Anche lei, come tanti, è stata lontana dalla Calabria. Ma, da sempre, sapeva che sarebbe ritornata. Nella sua terra voleva inseguire e raggiungere i suoi obiettivi. E c’è riuscita.
Dopo un corso a Faenza (città dell’Emilia Romagna famosa per le sue ceramiche), ha rimesso radici a Mendicino, un paese vicino a Cosenza. Nella valigia coraggio e speranza.
A 21 anni ha aperto il suo laboratorio (è il suo regno caotico, come lo descrive lei), poi la sua bottega. Tre anni fa, il passo importante: aprire il suo atelier nel capoluogo brutio. Così è stato: per scoprire la bellezza e l’originalità delle sue ceramiche artistiche, basta raggiungere viale degli Alimena, nel cuore di Cosenza.
Sulla via di Rossana Gerbasi, il destino
L’incontro con il destino ha un suo luogo preciso: via XXIV maggio, a Cosenza. «Avevo poco più che 18 anni. Cercavo un lavoro. Mentre passeggiavo su questa via, sono stata attratta da un’insegna: pubblicizzava un corso di ceramica con qualifica per diventare maestro d’arte ceramica».
Ha compilato il foglio. Su trecento iscritti, solo venti potevano accedere al corso annuale.
Indovina un po’?
Rossana era tra questi venti. Ha iniziato il corso. La prima parte si è svolta a Bisignano, cittadina dell’entroterra cosentino nota per la ceramica. Poi il trasferimento a Faenza per la parte più pratica. In un’azienda di solo donne Rossana, caparbia, ha imparato le tecniche della decorazione faentina.

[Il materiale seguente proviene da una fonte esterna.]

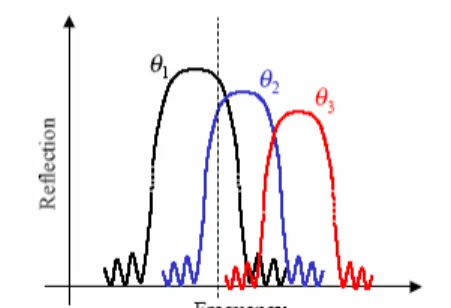 Gambar 4. Hubungan  Δ n dengan  Δ ω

La sfida di colori in Calabria
Una volta rientrata in Calabria, Rossana ha trovato la strada per mettersi in proprio: con un investimento ha aperto la sua bottega di ceramica artistica a Mendicino.

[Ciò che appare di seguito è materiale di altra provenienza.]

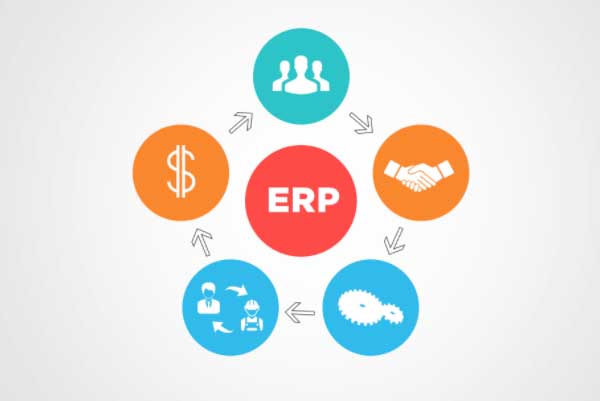 如何顺利完成 ERP采购决策过程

«I primi anni sono stati difficili. Chi si affidava a una ragazza con poca esperienza? Eppure, ho seguito fiere. Caricavo in macchina i miei lavori. Li esponevo nei mercatini. Non ho smesso di conoscere, di scoprire. Di studiare, sperimentare. Di vedere mani tese per darmi aiuto, come quelle di Stefania Vena brava pittrice cosentina, una vera amica».
Vent’anni fa Rossana ha iniziato a coltivare la sua passione per la ceramica. Venti che è il doppio di quaranta, gli anni che ha da poco compiuto questa artista. Il venti ritorna di nuovo: questo «2020 sarà l’anno della svolta professionale», ripete.
Rossana è maestro di ceramica, tiene dei corsi e dei laboratori in tutt’Italia ed esporta le sue opere ovunque, perfino in Africa.
La tecnica del Raku e della Cuerda seca
«Zia Pinuzza è stata la mia prima sostenitrice. La sua casa era in vico Condotti, una delle zone del centro storico di Mendicino. Proprio lì la mia bottega. Quando ho deciso di aprire l’atelier a Cosenza, ho scelto il nome di quel vico. Per me ha un significato che va oltre le distanze».
E continua: «Mio fratello Santino, da Bologna, è tornato qui per darmi una mano con il laboratorio. È infermiere e, tra un turno e un altro, ha imparato la tecnica del Raku. Guarda questi oggetti. Li ha realizzati lui». Resto senza parole (per chi mi conosce sa che è un evento assai raro, tanto sono loquace) per la bellezza.
Della sua famiglia fa parte anche Riccardo Torri, il marito di Santino: un perito chimico che, da un anno e mezzo, si è avvicinato alla tecnica della Cuerda seca. Rossana prende una delle prime opere di Riccardo. Poi il “Martin Pescatore”, lì nella sua cornice arancione per ricordargli i suoi esordi. E di strada, anche lui come Santino, ne ha fatta: adesso quei colori e quelle geometrie, che si allineano per mano loro, sono arcobaleni di emozioni.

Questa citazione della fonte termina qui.